The replication component outsources to an external Raft process the business of replication. After some time, Raft responds to the replication component that it is, in fact, replicated. The replication component updates the items in the ring buffer, and moves its published cursor forward. The business logic sees the published cursor (via waitFor) and consumes the freshly replicated data.

In this scenario, the replication component probably has a lot of inflight events, so it's read cursor is far ahead of the cursor it publishes to the business logic.

There is no need for a journalling component in this scenario because the external raft system does the journalling for you.
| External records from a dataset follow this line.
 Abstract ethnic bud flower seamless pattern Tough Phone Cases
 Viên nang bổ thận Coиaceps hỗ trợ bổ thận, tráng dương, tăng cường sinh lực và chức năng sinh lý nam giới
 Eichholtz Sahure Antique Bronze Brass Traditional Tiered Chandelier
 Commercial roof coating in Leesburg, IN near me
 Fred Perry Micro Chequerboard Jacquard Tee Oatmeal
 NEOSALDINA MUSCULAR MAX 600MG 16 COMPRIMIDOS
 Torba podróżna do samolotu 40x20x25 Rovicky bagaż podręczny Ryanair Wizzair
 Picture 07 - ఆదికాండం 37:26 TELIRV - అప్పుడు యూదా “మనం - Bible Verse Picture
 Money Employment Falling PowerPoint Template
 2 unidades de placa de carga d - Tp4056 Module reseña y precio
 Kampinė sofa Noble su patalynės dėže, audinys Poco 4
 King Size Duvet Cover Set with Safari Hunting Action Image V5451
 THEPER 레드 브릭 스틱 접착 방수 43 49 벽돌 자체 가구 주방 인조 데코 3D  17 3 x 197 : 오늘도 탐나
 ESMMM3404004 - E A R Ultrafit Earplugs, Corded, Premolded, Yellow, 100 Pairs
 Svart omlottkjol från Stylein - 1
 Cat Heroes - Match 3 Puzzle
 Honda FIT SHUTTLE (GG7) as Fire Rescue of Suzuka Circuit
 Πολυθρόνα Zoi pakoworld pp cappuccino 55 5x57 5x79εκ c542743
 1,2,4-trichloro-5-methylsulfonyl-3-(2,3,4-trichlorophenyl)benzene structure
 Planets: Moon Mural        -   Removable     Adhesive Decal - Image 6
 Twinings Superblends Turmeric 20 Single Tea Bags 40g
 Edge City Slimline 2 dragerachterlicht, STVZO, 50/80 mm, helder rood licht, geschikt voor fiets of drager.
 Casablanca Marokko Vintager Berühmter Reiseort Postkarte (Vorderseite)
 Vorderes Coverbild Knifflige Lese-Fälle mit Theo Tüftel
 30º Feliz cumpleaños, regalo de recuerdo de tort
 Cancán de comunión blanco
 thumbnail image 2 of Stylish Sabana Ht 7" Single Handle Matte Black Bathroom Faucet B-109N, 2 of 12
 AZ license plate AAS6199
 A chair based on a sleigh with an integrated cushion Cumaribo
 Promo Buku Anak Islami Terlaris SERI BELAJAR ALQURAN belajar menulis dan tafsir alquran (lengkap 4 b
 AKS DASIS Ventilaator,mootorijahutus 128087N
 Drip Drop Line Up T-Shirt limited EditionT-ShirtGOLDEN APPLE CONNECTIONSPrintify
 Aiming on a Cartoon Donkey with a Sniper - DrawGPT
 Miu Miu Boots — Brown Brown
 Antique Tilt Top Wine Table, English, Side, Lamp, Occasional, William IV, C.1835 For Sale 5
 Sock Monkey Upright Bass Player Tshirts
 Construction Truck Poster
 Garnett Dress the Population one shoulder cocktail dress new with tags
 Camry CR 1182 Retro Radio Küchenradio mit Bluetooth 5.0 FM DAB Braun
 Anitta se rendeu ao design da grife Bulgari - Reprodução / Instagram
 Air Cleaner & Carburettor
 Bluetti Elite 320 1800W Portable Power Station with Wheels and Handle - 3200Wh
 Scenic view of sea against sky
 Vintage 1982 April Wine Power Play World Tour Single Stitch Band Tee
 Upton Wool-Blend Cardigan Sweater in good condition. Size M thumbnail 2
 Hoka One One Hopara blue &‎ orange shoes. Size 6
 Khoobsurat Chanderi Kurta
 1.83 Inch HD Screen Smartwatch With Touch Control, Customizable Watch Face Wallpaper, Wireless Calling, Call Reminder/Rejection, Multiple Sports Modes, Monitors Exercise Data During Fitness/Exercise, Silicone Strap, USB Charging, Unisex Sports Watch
Note, the replication may be the slowest component of the system!

Integrated Raft Replication

In which raft is implemented in the same process as the "Real Business Logic."

In terms of Raft, replication is the business logic. Actually, you have multiple levels of business logic, or equivalently, multiple stages of business logic.

I'm going to use two input disruptors and two output disruptors for this to emphasize the separate business logic. You can combine, split, or rearrange to your heart's content. Or your profiler's content.

The first stage, as I mentioned, is Raft replication. Client events go into the Replication Input Disruptor. The Raft logic picks it up, perhaps in batches, and sends out to the Followers on the Replication Output Disruptor. All Raft messages also go into the Replication Input Disruptor. The Raft logic also picks these up and sends the appropriate responses to the appropriate Followers/Master on the Replication Output Disruptor).

A journaller component hangs off the Input Ring Buffer; it only has to handle certain types of messages as dictated by Raft. This will likely be the slowest part of the system.

When the data is considered replicated, it is moved to the second stage, via the "Real Business Logic" Input Disruptor. There it is processed, sent to the Client Outbound Disruptor, and then sent to one of your millions of happy paying customers.